The girl nods and withdraws.

‘Strange,’ Thomas says, his eyes on the books.

Katherine thinks for a moment. Then it hits her.

‘She doesn’t know he is dead.’

It has occurred to neither. Thomas starts shifting his feet and is tugging at his collar when the door opens again and a woman enters. She is tall and slight, with a high forehead, as if her hair is plucked, and skin pale as ivory. She wears a dress dyed the colour of old sage leaves, with sleeves that droop to the floor, and once inside she stands unnaturally still, her only movement from her elbow as she gestures to the maid to offer the wine she has brought in on a silver tray.

‘Good day, Mistress Daud,’ Katherine begins. Her voice sounds loud in her own ears.

‘Good day to you,’ Mistress Daud whispers. Her eyes are fixed on Katherine’s. They are almost as pale as her face, tinged yellow. For a moment Katherine does not know how to start. Mistress Daud remains immobile while her girl passes them each a silver cup.

‘He is dead, isn’t he?’ the woman says.

After a moment Katherine nods. Mistress Daud closes her eyes. When she opens them such light as was there has faded further.

‘It is as I feared,’ she says. ‘God has not looked kindly on me.’

God has not looked kindly on the pardoner, either, Katherine thinks.

‘He had said his prayers,’ Katherine lies, ‘and was given absolution by a priest.’

Again the woman nods.

‘I thank you for bringing the news,’ she says. ‘If there is something . . .?’

Katherine feels the blood rise to her cheeks.

‘No, no,’ she says. ‘We are in search of no reward. It is no more than our Christian duty. But – he left only this.’

She gestures to Thomas, who hurriedly removes the ledger and offers it to her. Mistress Daud makes no move to take it.

‘A book,’ she sighs.

‘He seemed to think it was of great value,’ Katherine says.

Mistress Daud gestures to those stacked on the tables.

‘He thought all books were of great value.’

There is a long silence. A cart rumbles by outside: the cry of the carter, the plod of his horse’s hooves.

‘It is a book of names,’ Katherine goes on. ‘No more than a list, really.’

‘Keep it then,’ Mistress Daud says. ‘I have no use for it. Master Daud never taught me to read.’
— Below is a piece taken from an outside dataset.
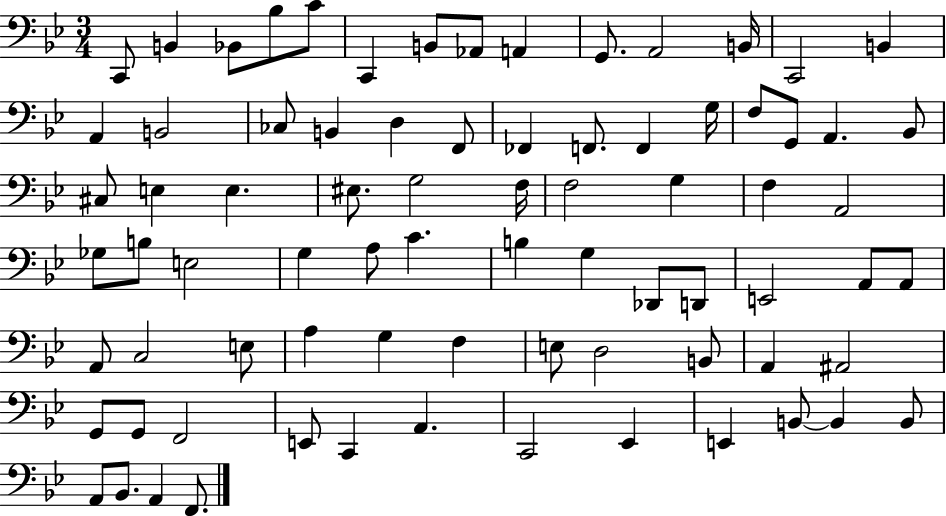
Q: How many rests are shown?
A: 0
There is another long silence.

‘You do not even recognise it?’ Thomas asks.

She shrugs.

‘He was going to France, he said, to sell something of great value to the King there. At least that is what he told us. But he was always planning to sell things of great value. He had three crossbows belonging to the witch Joan.’

More silence.

‘But these books—’ Thomas begins, gesturing.

‘Are nothing to me. They serve to remind me of my late husband and that is all.’
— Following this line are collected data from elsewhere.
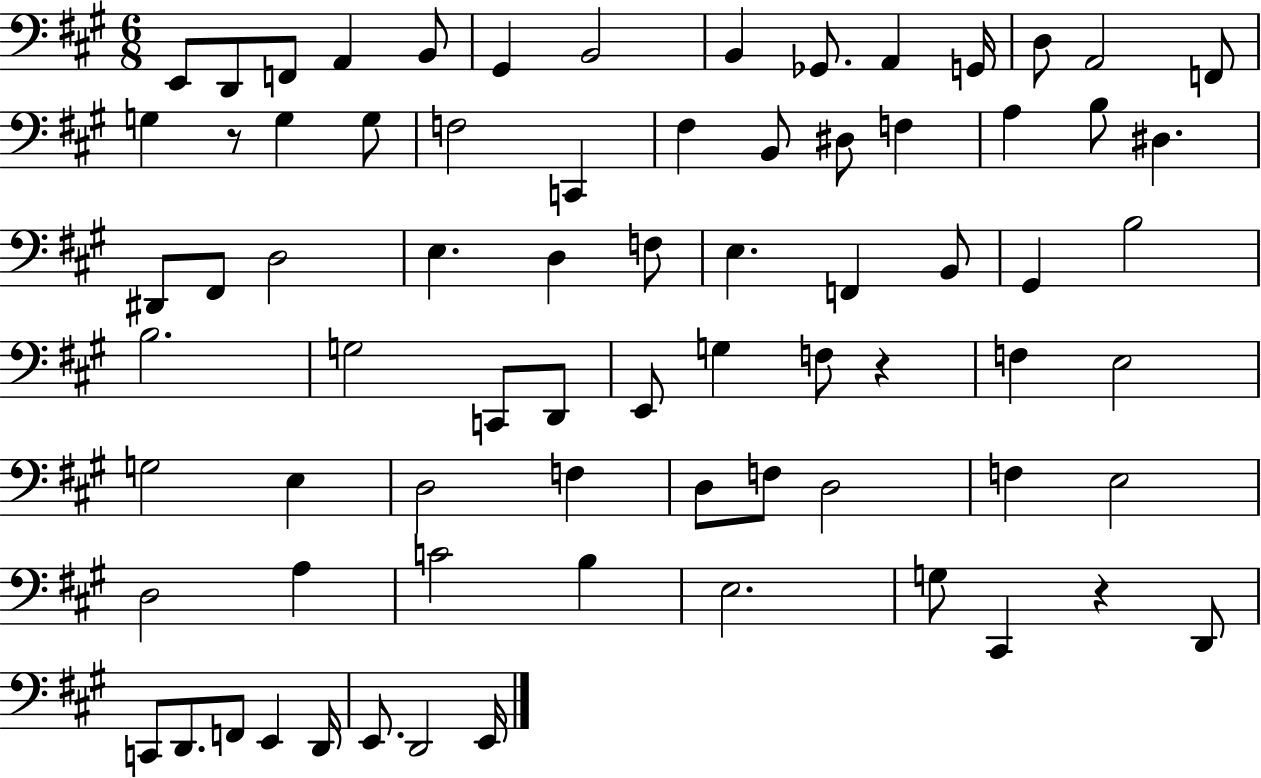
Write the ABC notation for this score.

X:1
T:Untitled
M:6/8
L:1/4
K:A
E,,/2 D,,/2 F,,/2 A,, B,,/2 ^G,, B,,2 B,, _G,,/2 A,, G,,/4 D,/2 A,,2 F,,/2 G, z/2 G, G,/2 F,2 C,, ^F, B,,/2 ^D,/2 F, A, B,/2 ^D, ^D,,/2 ^F,,/2 D,2 E, D, F,/2 E, F,, B,,/2 ^G,, B,2 B,2 G,2 C,,/2 D,,/2 E,,/2 G, F,/2 z F, E,2 G,2 E, D,2 F, D,/2 F,/2 D,2 F, E,2 D,2 A, C2 B, E,2 G,/2 ^C,, z D,,/2 C,,/2 D,,/2 F,,/2 E,, D,,/4 E,,/2 D,,2 E,,/4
‘May I look at them?’ Thomas asks.

‘I am your servant,’ Mistress Daud says. ‘They will all be gone soon. I will have to marry again, and my husband-to-be is no lover of books. Maria will show you out.’

With that she turns and leaves the room. Maria follows. Katherine glances at Thomas. He puts his empty cup of wine on the tray, pours himself another, drinks it, and then starts wiping the dust from the bindings of the books. Katherine says nothing. She realises how cold the room is, even on a warm day.
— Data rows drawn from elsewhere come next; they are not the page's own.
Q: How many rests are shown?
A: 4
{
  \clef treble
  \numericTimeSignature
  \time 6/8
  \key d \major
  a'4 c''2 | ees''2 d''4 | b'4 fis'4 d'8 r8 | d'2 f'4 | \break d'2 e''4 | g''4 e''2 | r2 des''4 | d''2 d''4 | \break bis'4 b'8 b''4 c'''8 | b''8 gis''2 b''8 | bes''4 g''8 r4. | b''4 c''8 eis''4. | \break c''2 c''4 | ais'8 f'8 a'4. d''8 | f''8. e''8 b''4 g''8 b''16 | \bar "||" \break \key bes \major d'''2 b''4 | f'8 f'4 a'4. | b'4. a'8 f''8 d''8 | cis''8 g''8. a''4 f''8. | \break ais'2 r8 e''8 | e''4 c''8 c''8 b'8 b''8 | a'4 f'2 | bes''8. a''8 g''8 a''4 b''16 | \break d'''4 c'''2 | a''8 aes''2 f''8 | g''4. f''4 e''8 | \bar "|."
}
‘Thomas,’ she says. ‘Let’s go.’

‘He has everything here,’ Thomas says. ‘Look.’ He holds up a book. ‘A psalter,’ he tells her.

‘As fine as yours?’

‘It is a copy of the Utrecht Psalter, you see? Illuminated by a genius. Look. Beautiful. And here, a Life of Julius Caesar.’

He opens the front, made of some hardwood and decorated with gold lace. He sniffs, inhaling the mixed smells of leather, wood, vellum and glue. He turns a page.